We present measurements of the anisotropic galaxy clustering from the Data Release 9 (DR9) CMASS sample of the SDSS-III Baryon Oscillation Spectroscopic Survey (BOSS). We analyze the broad-range shape of the monopole and quadrupole correlation functions to obtain constraints, at the effective redshift $z=0.57$ of the sample, on the Hubble expansion rate $H(z)$, the angular-diameter distance $D_A(z)$, the normalized growth rate $f(z)σ_8(z)$, the physical matter density $Ω_m h^2$, and the biased amplitude of matter fluctuation bσ_8(z). We obtain {$H(0.57)$, $D_A(0.57)$, $f(0.57)σ_8(0.57)$, $Ω_m h^2$, $bσ_8(0.57)$} = {$87.6_{-6.8}^{+6.7}$, $1396\pm73$, $0.126_{-0.010}^{+0.008}$, $1.19\pm0.14$, $0.428\pm0.066$} and their covariance matrix as well. The parameters which are not well constrained by our of galaxy clustering analysis are marginalized over with wide flat priors. Since no priors from other data sets (i.e., CMB) are adopted and no dark energy models are assumed, our results from BOSS CMASS galaxy clustering alone may be combined with other data sets, i.e. CMB, SNe, lensing or other galaxy clustering data to constrain the parameters of a given cosmological model. We show that the major power on constraining dark energy from the anisotropic galaxy clustering signal, as compared to the angular-averaged one (monopole), arises from including the normalized growth rate $f(z)σ_8(z)$. In the case of the wCDM cosmological model our single-probe CMASS constraints, combined with CMB (WMAP9+SPT), yield a value for the dark energy equation of state parameter of $w=-0.90\pm0.11$. Therefore, it is important to include $f(z)σ_8(z)$ while investigating the nature of dark energy with current and upcoming large-scale galaxy surveys.

Figures (5)

• Figure 1: Measurement of effective monopole (left) and quadrupole (right) of the correlation function for the BOSS DR9 CMASS galaxy sample (black points), compared to the the theoretical model given the parameters measured (solid line). The error bars are the square roots of the diagonal elements of the covariance matrix (see Sec. \ref{['sec:covar']}). In this study, our fitting scale range is $40h^{-1}$Mpc $<s<160h^{-1}$Mpc.
• Figure 2: 2D marginalized contours for $68\%$ and $95\%$ confidence levels for $\Omega_k$ and $\Omega_m$ (o$\Lambda$CDM model assumed) from WMAP9+SPT (red), CMASS (green), and WMAP9+SPT+CMASS (blue). The CMASS data break the degeneracy between $\Omega_k$ and $\Omega_m$ constrained by CMB data.
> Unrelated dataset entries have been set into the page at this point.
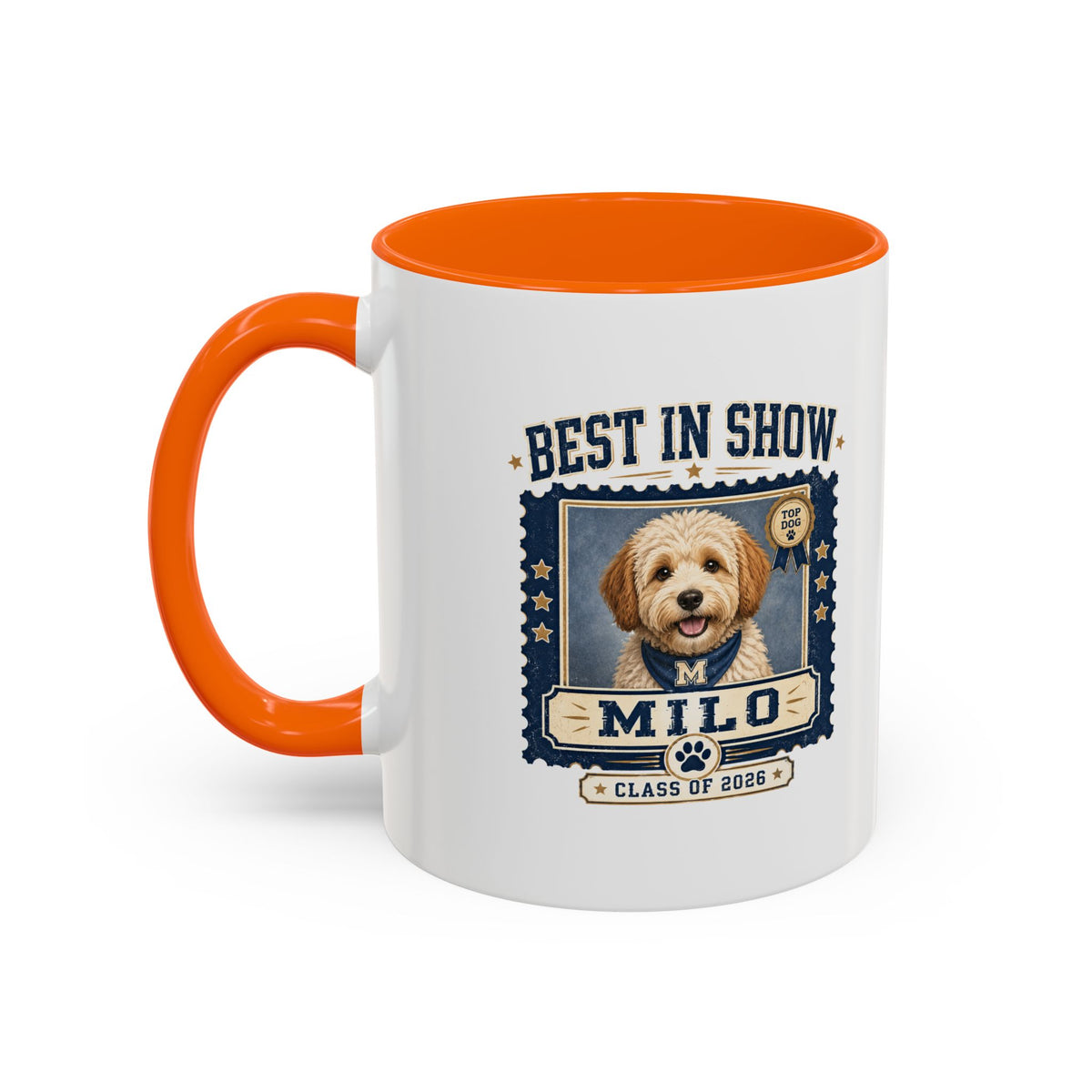 Milo Bailey Dog Dad Mom Best in Show Personalized Dog Photo Coffee Mug — 'Milo' Class of 2020 Accent Mug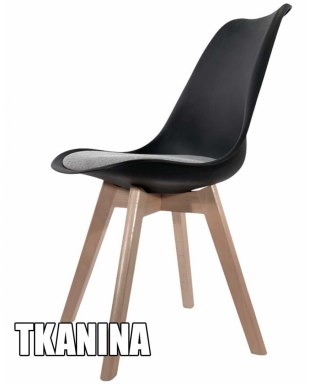 Lugano Krzesło skandynawskie MONZA BLACK - Grey Fabric II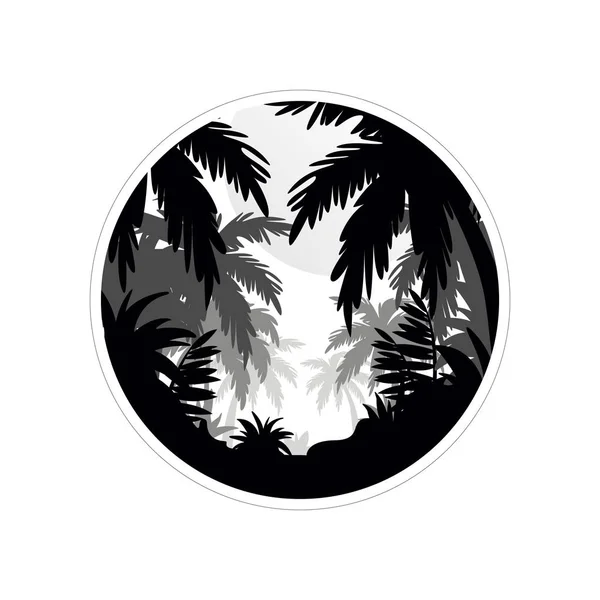 Tropical scenery with palm trees, monochrome landscape in geometric round shape design vector Illustration on a white background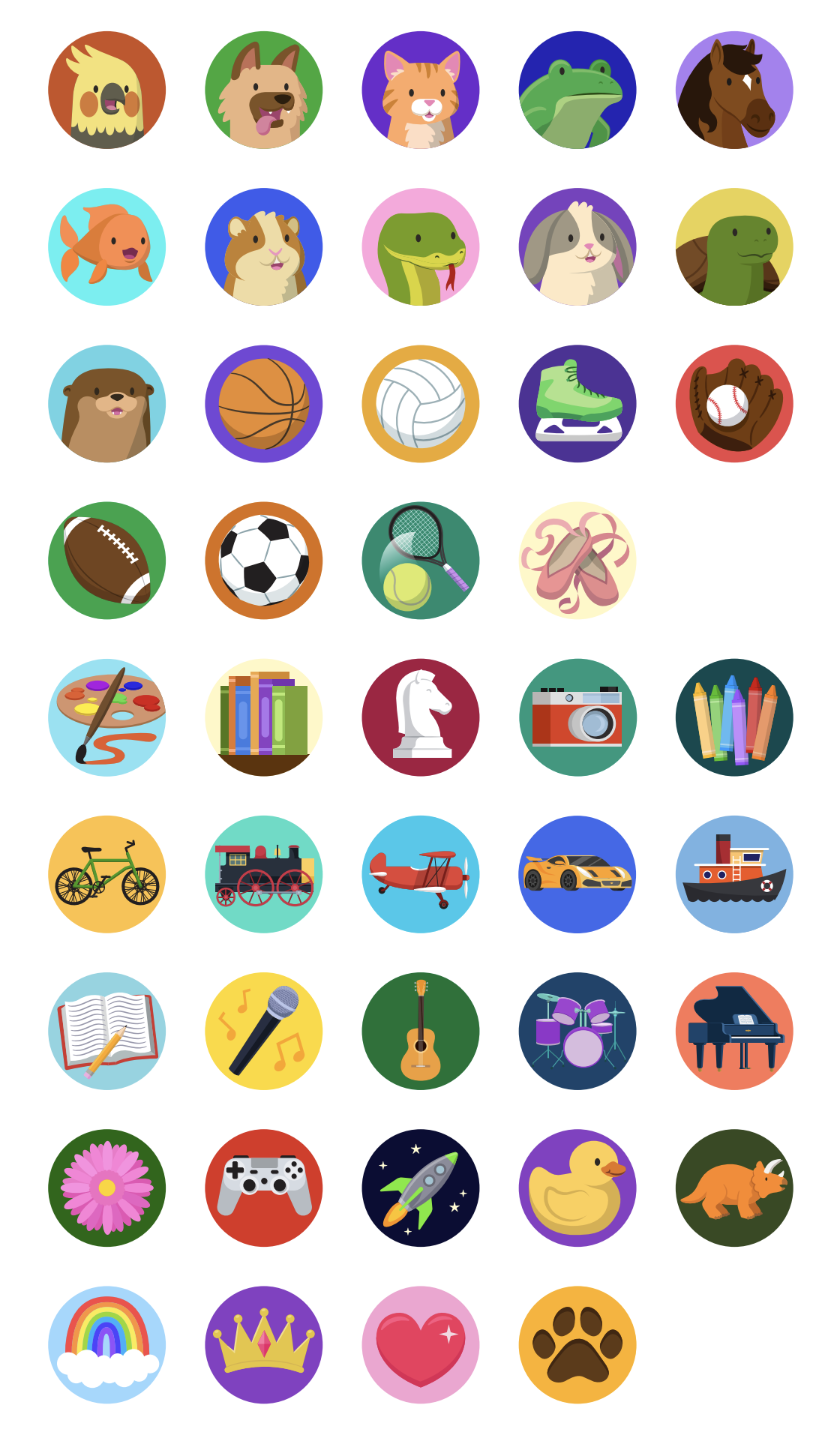 A collection of 43 round profile icons that Family users can now choose from. Icons are illustrations of animals, toys, and objects related to hobbies and sports. 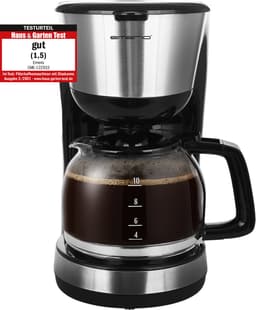 Emerio Koffiezetapparaat met Glazen Kan - 1,25L Filterkoffie - 10 kopjes per keer - Uitneembaar Filter - Non-Drip systeem - 1000W - CME-122933 Zwart — thumbnail 1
• Figure 3: 2D marginalized contours for $68\%$ and $95\%$ confidence levels for $w$ and $\Omega_m$ ($w$CDM model assumed) from WMAP9+SPT (red), CMASS (green), and WMAP9+SPT+CMASS (blue). The CMASS data break the degeneracy between $w$ and $\Omega_m$ constrained by CMB data.
• Figure 4: 2D marginalized contours for $68\%$ and $95\%$ confidence levels for $w$ and $\Omega_k$ (o$w$CDM model assumed) from WMAP9+SPT+CMASS (blue). While $w$ and $\Omega_k$ are not well constrained by WMAP9+SPT or CMASS-only, we only show the contour of $68\%$ confidence level from WMAP9+SPT (red). Adding the CMASS data on the CMB data improves the constraints on $w$ and $\Omega_k$ significantly, and the results are consistent with $w=-1$ and $\Omega_k=0$ ($\Lambda$CDM model).
• Figure 5: 2D marginalized contours for $68\%$ and $95\%$ confidence levels for $w$ and $f(z)\sigma_8(z)$ ($w$CDM model assumed) from CMB+$D_V(z)/r_s$ (thin solid red), CMB+$H(z) r_s$+$D_A(z)/r_s$CMASS(dashed blue). and CMB+$H(z) r_s$+$D_A(z)/r_s$+$f(z)\sigma_8(z)$ (thick solid black). One can see that there is no much improvement while replacing $D_V(z)/r_s$ with $H(z)r_s$+$D_A(z)/r_s$, but have significantly improvement on dark energy while adding $f(z)\sigma_8(z)$.